Task brief: Copy the listing below in full and skip every picture.

Data section:

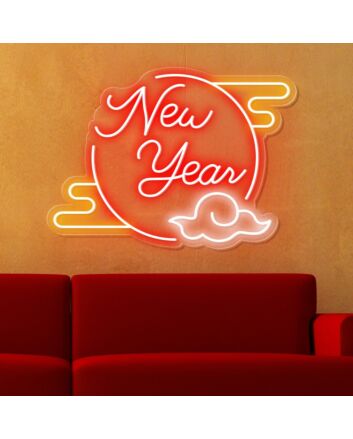 Bring the Glow to Your Celebrations and Spaces: New Year Clouded Moon Festive Neon Sign for Bars, Weddings, and Home Ambiance.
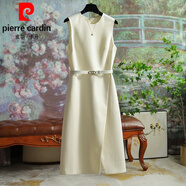皮爾卡丹（pierre cardin）送腰帶大l碼氣質(zhì)2025夏連衣裙收腰顯瘦圓領(lǐng)前開(kāi)叉無(wú)袖純色裙子針 【2797#】米白色 2XL 130-145斤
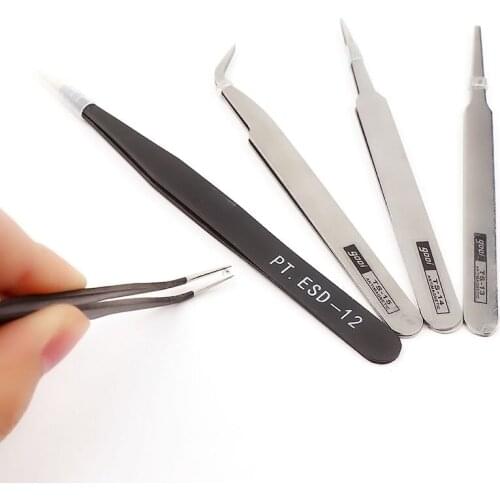 1Pc Anti-Static Curved Stainless Steel Curved Straight Eyebrow Tweezers Eyelash Extension Nail Art DIY Nail Art Tools Kit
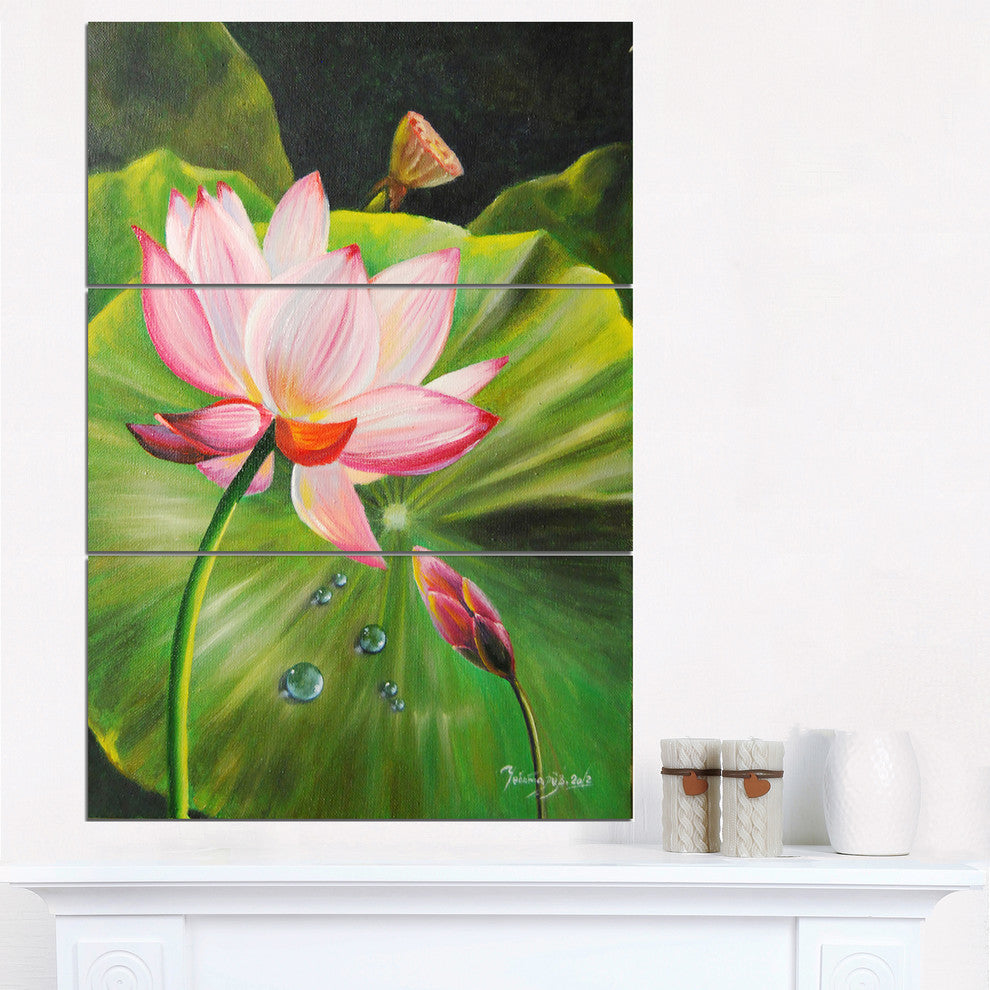 "Lotus and Water drops" Painting Metal Wall Art, 3 Panels, 28"x36"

Output below:
 Bring the Glow to Your Celebrations and Spaces: New Year Clouded Moon Festive Neon Sign for Bars, Weddings, and Home Ambiance.
皮爾卡丹（pierre cardin）送腰帶大l碼氣質(zhì)2025夏連衣裙收腰顯瘦圓領(lǐng)前開(kāi)叉無(wú)袖純色裙子針 【2797#】米白色 2XL 130-145斤
 1Pc Anti-Static Curved Stainless Steel Curved Straight Eyebrow Tweezers Eyelash Extension Nail Art DIY Nail Art Tools Kit
 "Lotus and Water drops" Painting Metal Wall Art, 3 Panels, 28"x36"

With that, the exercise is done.